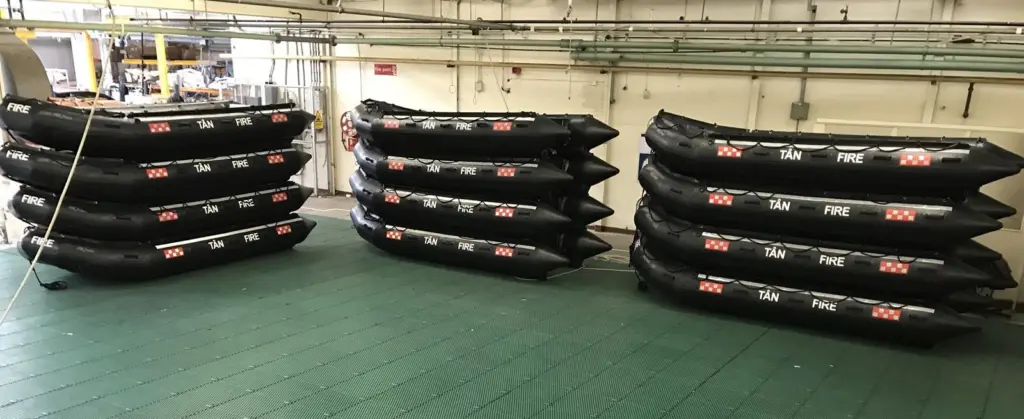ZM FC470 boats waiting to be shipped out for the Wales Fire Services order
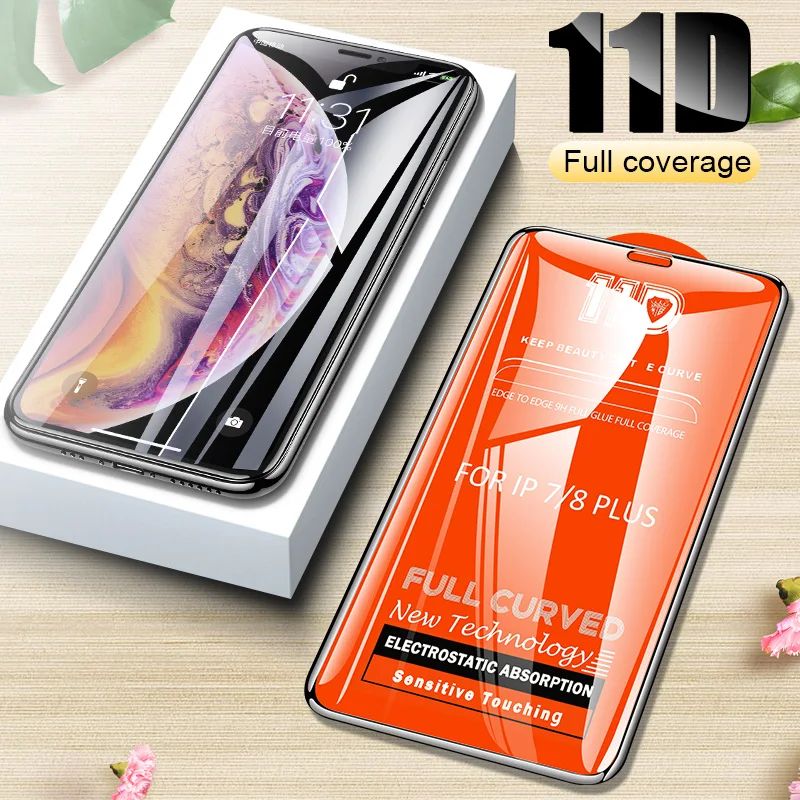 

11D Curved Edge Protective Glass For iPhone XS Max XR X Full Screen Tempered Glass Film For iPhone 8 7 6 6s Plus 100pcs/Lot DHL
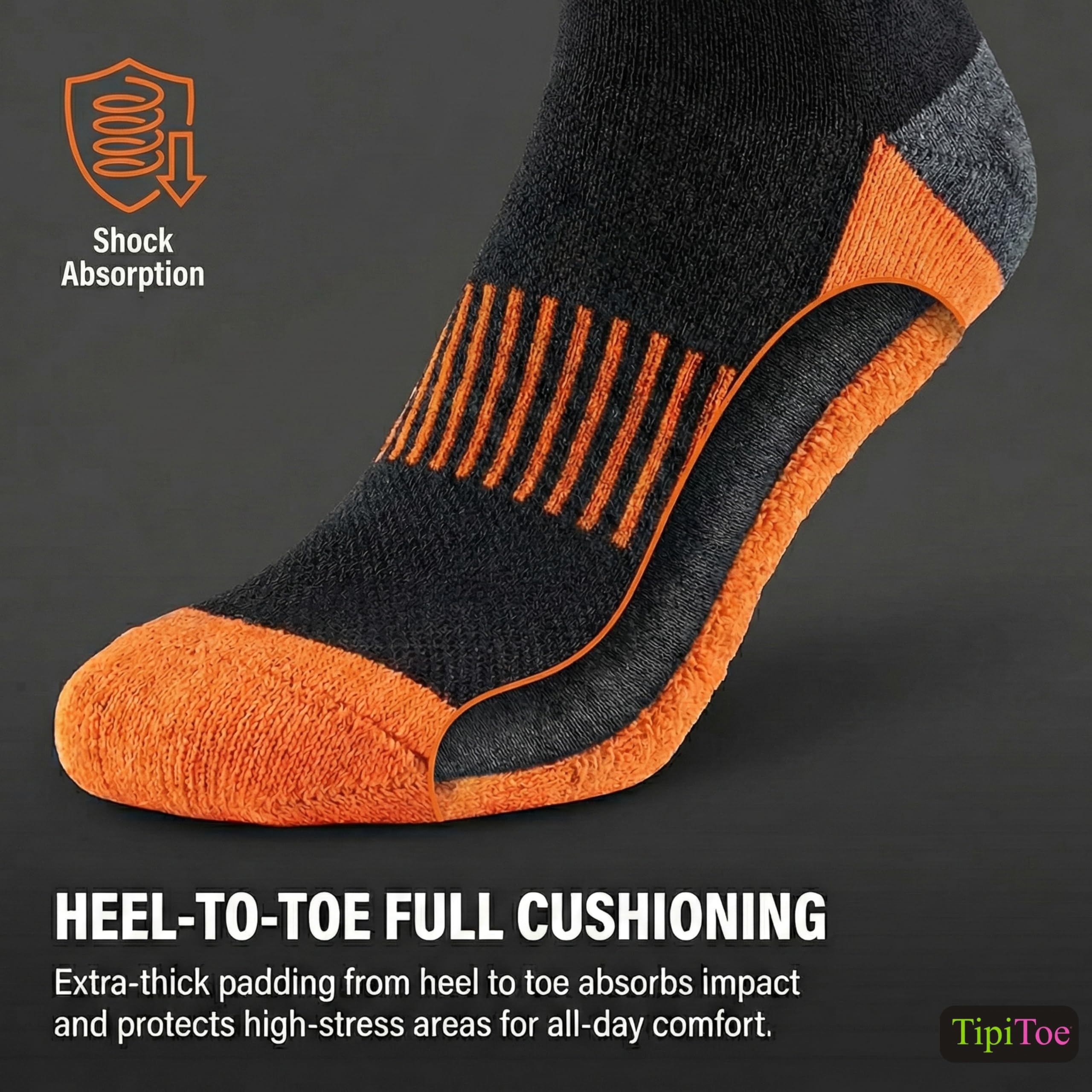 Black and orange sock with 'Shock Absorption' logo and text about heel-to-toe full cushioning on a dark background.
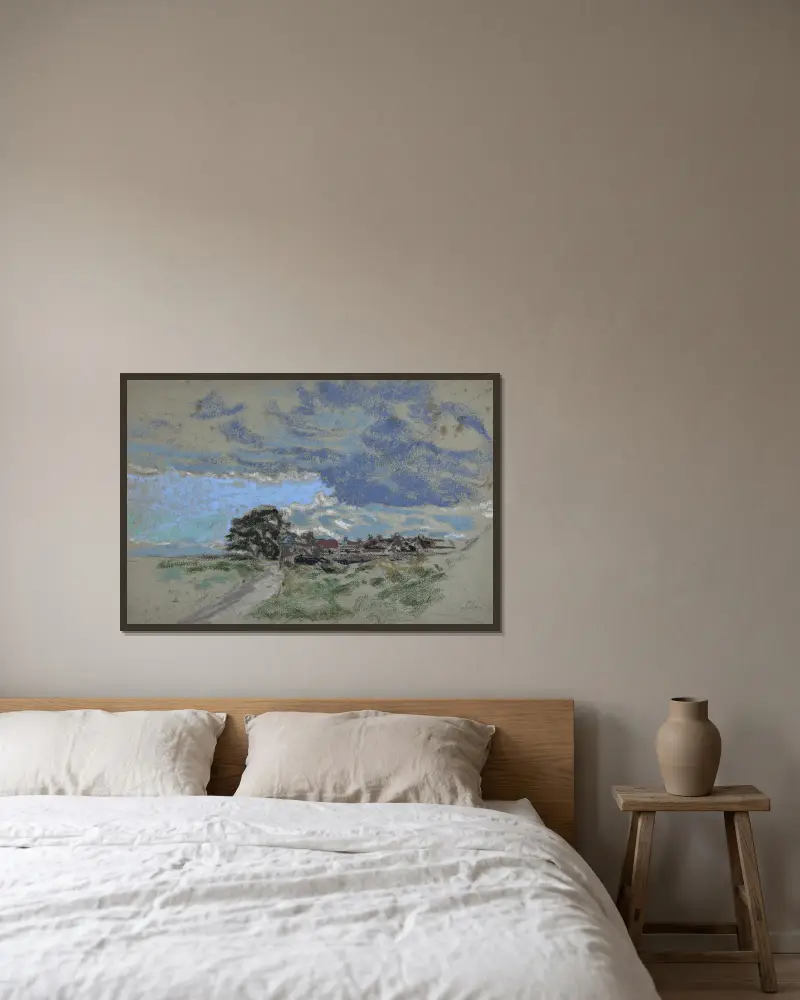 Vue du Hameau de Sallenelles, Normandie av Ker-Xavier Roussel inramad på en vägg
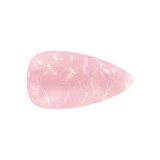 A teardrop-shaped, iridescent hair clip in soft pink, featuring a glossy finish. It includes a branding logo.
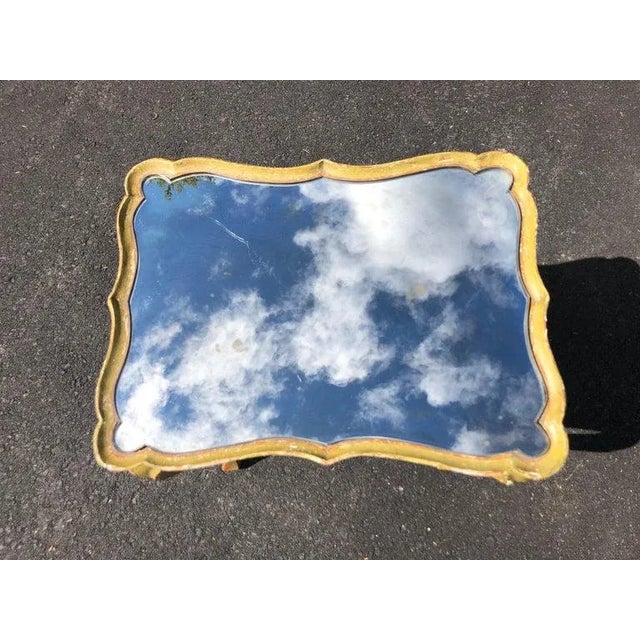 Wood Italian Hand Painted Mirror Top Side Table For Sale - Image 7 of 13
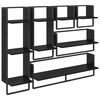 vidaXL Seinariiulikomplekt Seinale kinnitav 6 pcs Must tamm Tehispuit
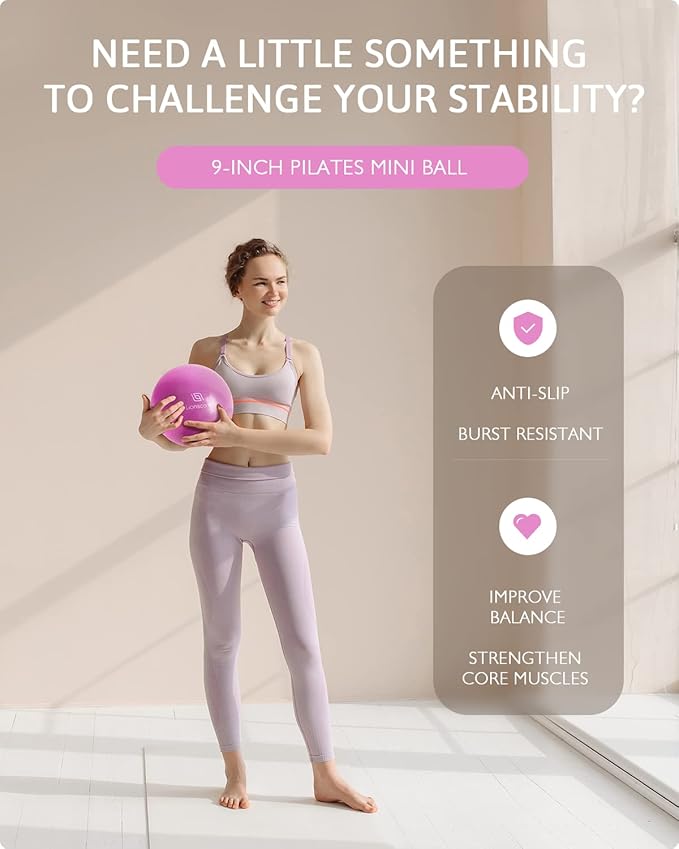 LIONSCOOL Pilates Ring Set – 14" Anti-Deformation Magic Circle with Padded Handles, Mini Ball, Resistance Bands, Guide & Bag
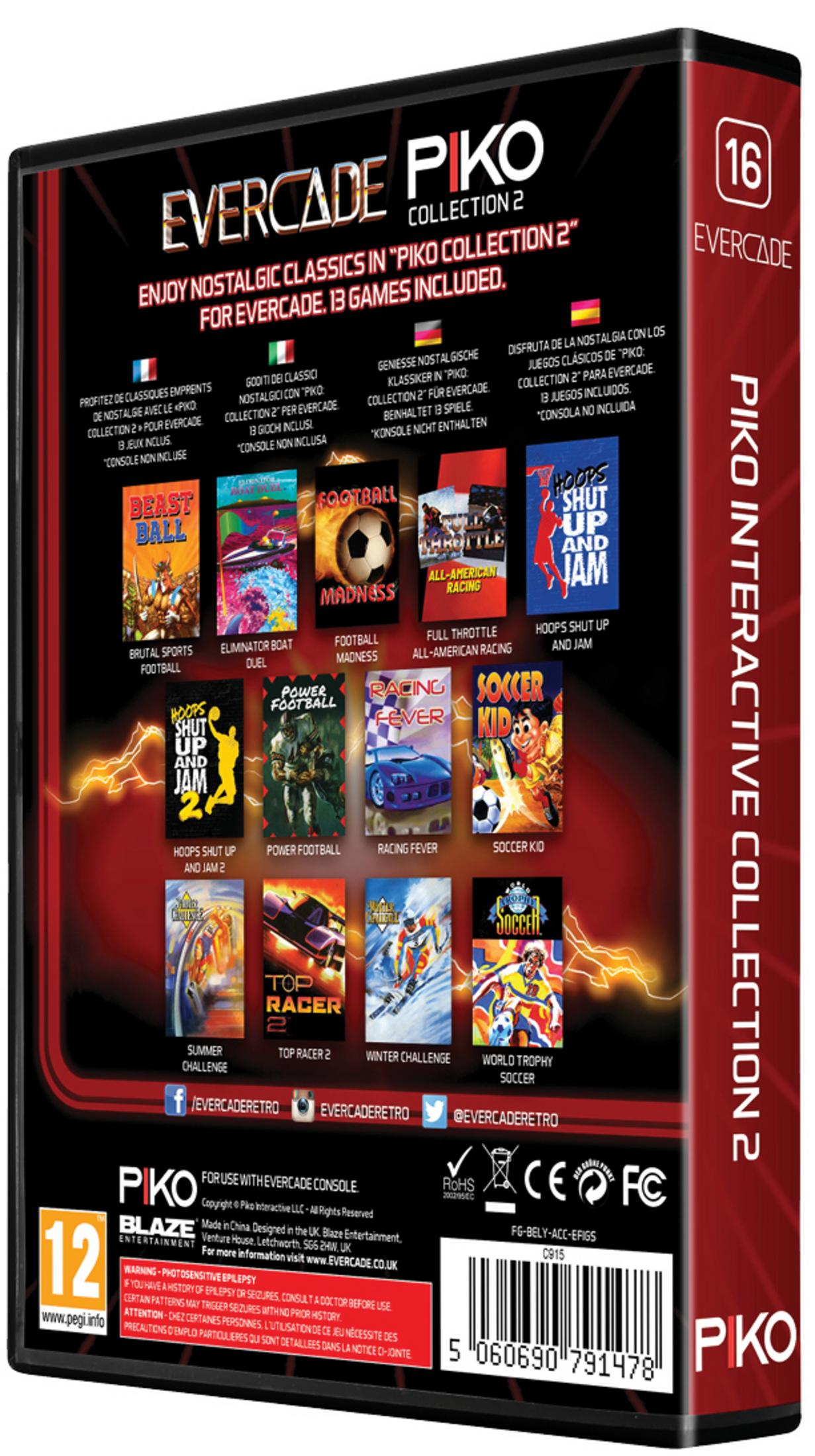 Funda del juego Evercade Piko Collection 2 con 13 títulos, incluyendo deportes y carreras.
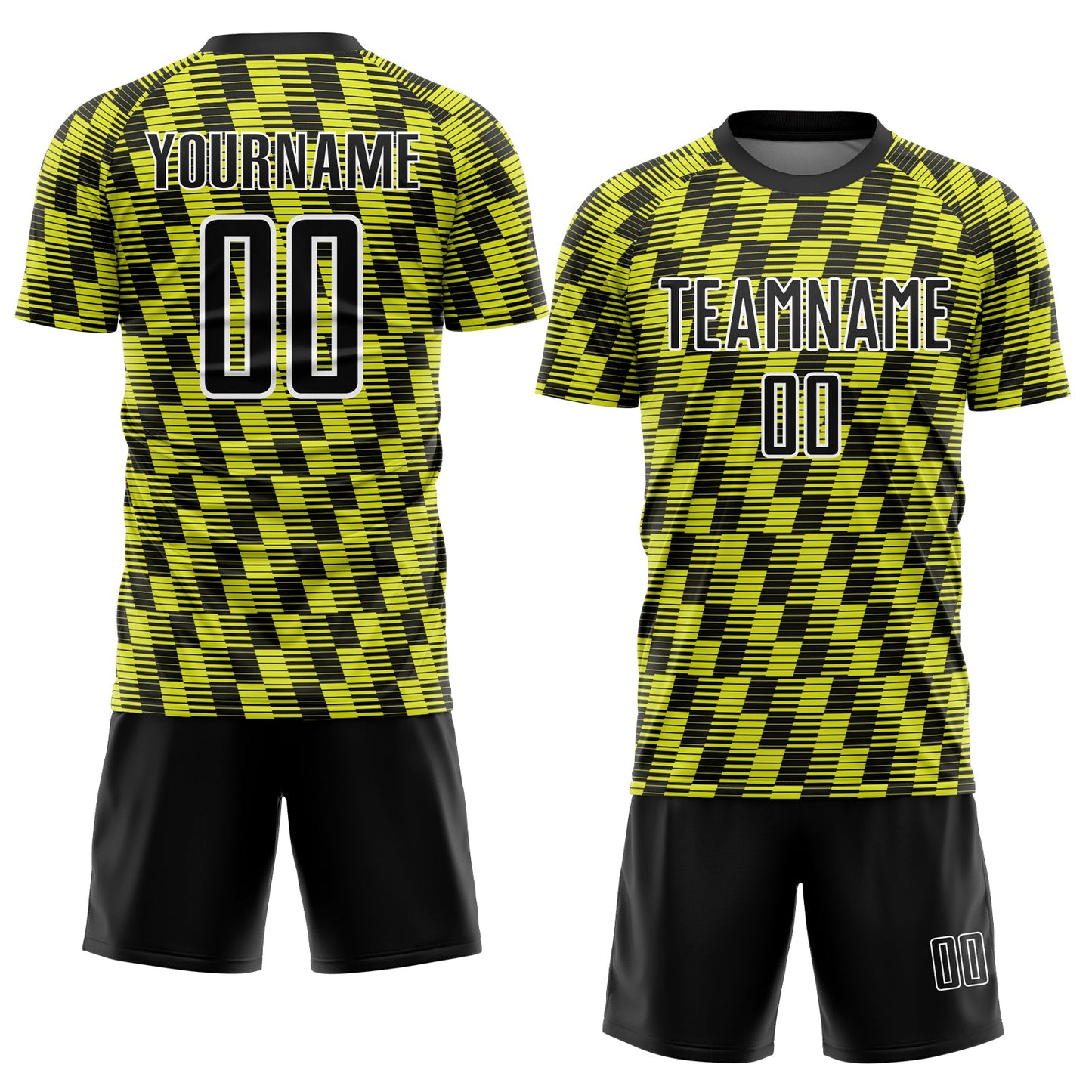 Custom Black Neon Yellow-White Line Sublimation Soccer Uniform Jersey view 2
───
Return all records exactly as they stand above, except for pictures.

ZM FC470 boats waiting to be shipped out for the Wales Fire Services order

11D Curved Edge Protective Glass For iPhone XS Max XR X Full Screen Tempered Glass Film For iPhone 8 7 6 6s Plus 100pcs/Lot DHL
 Black and orange sock with 'Shock Absorption' logo and text about heel-to-toe full cushioning on a dark background.
 Vue du Hameau de Sallenelles, Normandie av Ker-Xavier Roussel inramad på en vägg
 A teardrop-shaped, iridescent hair clip in soft pink, featuring a glossy finish. It includes a branding logo.
 Wood Italian Hand Painted Mirror Top Side Table For Sale - Image 7 of 13
 vidaXL Seinariiulikomplekt Seinale kinnitav 6 pcs Must tamm Tehispuit
 LIONSCOOL Pilates Ring Set – 14" Anti-Deformation Magic Circle with Padded Handles, Mini Ball, Resistance Bands, Guide & Bag
 Funda del juego Evercade Piko Collection 2 con 13 títulos, incluyendo deportes y carreras.
 Custom Black Neon Yellow-White Line Sublimation Soccer Uniform Jersey view 2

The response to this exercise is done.